JNIM, a Mali-centric jihadist coalition formed in March 2017, is an official branch of al-Qa’ida in the Islamic Maghreb (AQIM). JNIM’s leadership includes both Malians (its overall leader is Iyad ag Ghali, the infamous Tuareg rebel-turned-jihadist) and non-Malians. JNIM’s largely Malian character contributes to its sophisticated understanding of the political and tribal/ethnic landscape of northern and central Mali. The non-Malian members also have deep experience in the country, though, due to the relationships that some of AQIM’s Saharan commanders and units developed in the years leading up to the 2012 rebellion.

The political dimension of JNIM’s approach helps explain why the claim of responsibility was not a generic public statement but rather a letter to the Awlad Idris. The letter takes pains to soften any outrage on the tribe’s part over the assassination, using three rhetorical techniques:

  1. Religious framing: The letter implicitly asserts that Islam constitutes a common ground of Islam between the tribe and JNIM. More explicitly, the letter argues that M’Begui had apostatized by joining the MOC. The MOC, in JNIM’s framing, targets legitimate “mujahidin” and works with “unbeliever” forces, namely the Malian army, the United Nations’ MINUSMA, and the G5 Sahel’s joint force. The letter presents the assassination as a form of religious justice and even self-defense on the part of the “mujahidin.”
  2. Framing the assassination as a last resort: The letter refers to JNIM’s repeated warnings to “all the sons of the tribes and the Muslims generally” not to join the MOC. The letters also references JNIM’s distribution of “numerous audio, video, and written statements warning about this critical matter.” In other words, the letter suggests that M’Begui had many chances to avoid being killed.
  3. Conveying respect for the tribe: The letter not only addresses the tribe, the author even offers to “arrange a direct meeting” to address any remaining concerns the tribe may have. In general, JNIM is keen to win over northern Malian Muslims (courting “the popular embrace” or al-hadina al-sha’biyya), and some AQIM leaders have long argued that jihadists need to woo the tribes rather than alienating them.

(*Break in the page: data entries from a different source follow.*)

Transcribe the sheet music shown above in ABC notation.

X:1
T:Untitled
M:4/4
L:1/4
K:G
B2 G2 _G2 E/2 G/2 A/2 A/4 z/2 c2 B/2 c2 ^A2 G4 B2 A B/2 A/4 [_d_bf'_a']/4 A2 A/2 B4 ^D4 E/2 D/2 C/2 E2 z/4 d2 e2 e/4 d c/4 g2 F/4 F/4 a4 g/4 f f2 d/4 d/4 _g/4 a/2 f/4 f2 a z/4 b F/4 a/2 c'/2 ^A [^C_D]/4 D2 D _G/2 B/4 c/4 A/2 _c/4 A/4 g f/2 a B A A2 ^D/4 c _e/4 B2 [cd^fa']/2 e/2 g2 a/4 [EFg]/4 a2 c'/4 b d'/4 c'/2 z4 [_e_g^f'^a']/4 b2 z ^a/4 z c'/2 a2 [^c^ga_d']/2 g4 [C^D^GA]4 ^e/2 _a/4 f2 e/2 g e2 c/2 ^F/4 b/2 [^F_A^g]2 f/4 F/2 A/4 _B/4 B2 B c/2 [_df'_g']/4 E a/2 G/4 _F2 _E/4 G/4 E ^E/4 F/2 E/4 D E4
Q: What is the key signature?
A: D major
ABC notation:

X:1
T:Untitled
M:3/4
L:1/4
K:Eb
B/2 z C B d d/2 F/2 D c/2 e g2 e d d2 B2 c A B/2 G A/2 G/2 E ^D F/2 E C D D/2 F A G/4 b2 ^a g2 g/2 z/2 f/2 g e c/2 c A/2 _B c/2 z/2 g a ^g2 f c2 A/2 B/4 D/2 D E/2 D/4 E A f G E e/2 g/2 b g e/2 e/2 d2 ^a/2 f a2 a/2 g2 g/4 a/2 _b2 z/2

Various commentators noted that the statement was signed not by ag Ghali but by Algerian national and longtime AQIM senior official Yahya Abu al-Hammam. For some commentators, the statement reflected Abu al-Hammam’s ambitions to displace ag Ghali within JNIM (and therefore more an AQIM action than a JNIM one). I’m not sure I would go that far, but it does seem to me that there are various questions to pursue here about (a) internal coalition politics within JNIM and (b) geographical variations in how JNIM operates, not just between northern and central Mali (a theme I explored a bit here), but also within northern Mali. In this case, there are questions to pursue about differences between JNIM’s approach in Timbuktu as compared with its approach in Kidal – although Kidal witnesses its own share of violence, including two even more recent assassinations.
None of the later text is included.